# Strong law of large numbers - help understanding it

1. Nov 26, 2009

### WillJ

NOTE: This is a long post. If you want, you can skip ahead and start reading where I write "Things get really juicy".

The strong law of large numbers:

The stuff in parentheses is an event. But what is the sample space that that event is drawn from?

Imagine that our experiment is to select a number at random from [0,1], and we repeat this experiment in multiple trials. If we just do the experiment once, the sample space is [0,1]. If we do it twice, the sample space (if I'm not mistaken) is [0,1]X[0,1]. After 4 times, it's [0,1]X[0,1]X[0,1]X[0,1]. And so on. As the number of trials approaches infinity, our sample space approaches an infinite-dimensional sample space. The strong law of large numbers (if I'm not mistaken) says that, in this infinite-dimensional sample space (each outcome in this space being a countably-infinite string of numbers, each drawn from [0,1]), the subset of outcomes in which $$_{n}\stackrel{lim}{\rightarrow}_{\infty} \overline{X}_{n}=\mu$$ is true has probability 1, and the subset of outcomes in which that outcome is not true has probability 0.

Am I correct? Or is my thinking off?

It seems more common to think of an infinite sequence of iid random variables all defined on the same sample space. (Perhaps this is actually the correct interpretation, and my interpretation above is wrong.) Repeated trials of an experiment do not fit this description (at least not directly; see below). In that case, what makes things hard to comprehend is how we can have infinitely many iid r.v.s on the same sample space. The above example doesn't work (or maybe it does; see below). If our experiment is to select a number [0,1], and we do this multiple times, and Xi is the number we select in the ith trial, and we force {Xi} to all be on the same sample space (namely [0,1]), then for any s$$\in$$[0,1], X1(s)=s, X2(s)=s,X3(s)=s, and so on, i.e. the r.v.s are all the same and thus are dependent and the SLOLN does not apply. So we have to think of r.v.s that are all different from each other, yet identically distributed, all on the same sample space ... and infinitely many of them!

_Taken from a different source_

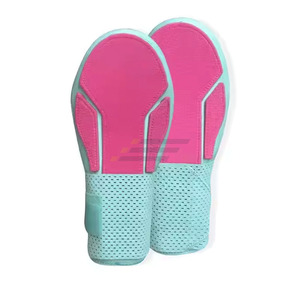 ถุงมือเบสบอลแบบสไลด์ระดับพรีเมียม ผู้ผลิต OEM รับทำโลโก้ตามสั่ง ถุงมือเบสบอลแบบสไลด์พร้อมที่ป้องกันนิ้วโป้งและนิ้วมือ - Product Image 4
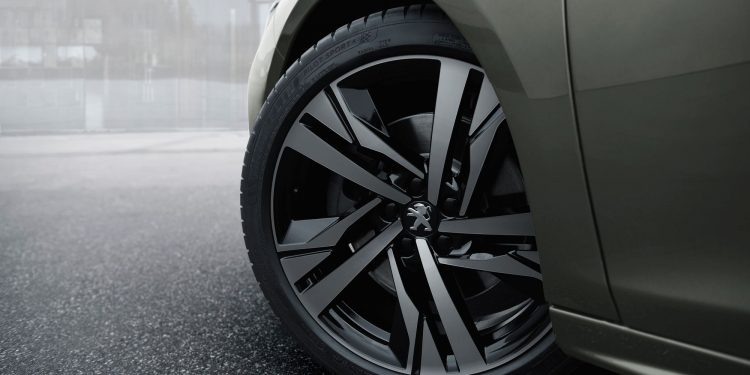 Peugeot 508 SW First Edition aparece no salão de Paris! 25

This issue was mentioned in a discussion on Terrence Tao's blog. Anonymous writes:

"In theory, we are speaking about a sequence X_1,X_2,... of random variables on the same common probability space. In practice, we think of instantiating a random variable in a sequence of trials. This is a subtle point: each trial is itself a random variable, distributed exactly as the original one, and leaving in an identical, but separate and independent, probability space. When we toss a die 100 times, there are 6^{100} possible outcomes. This means, we are no longer in our original six-element space, but in its cartesian power, with 6^{100} points. That is, tossing a die 100 times is described by the probability space which is the product of 100 copies of the space, corresponding to tossing just one die. So, our X_1,X_2,... actually leave in different spaces.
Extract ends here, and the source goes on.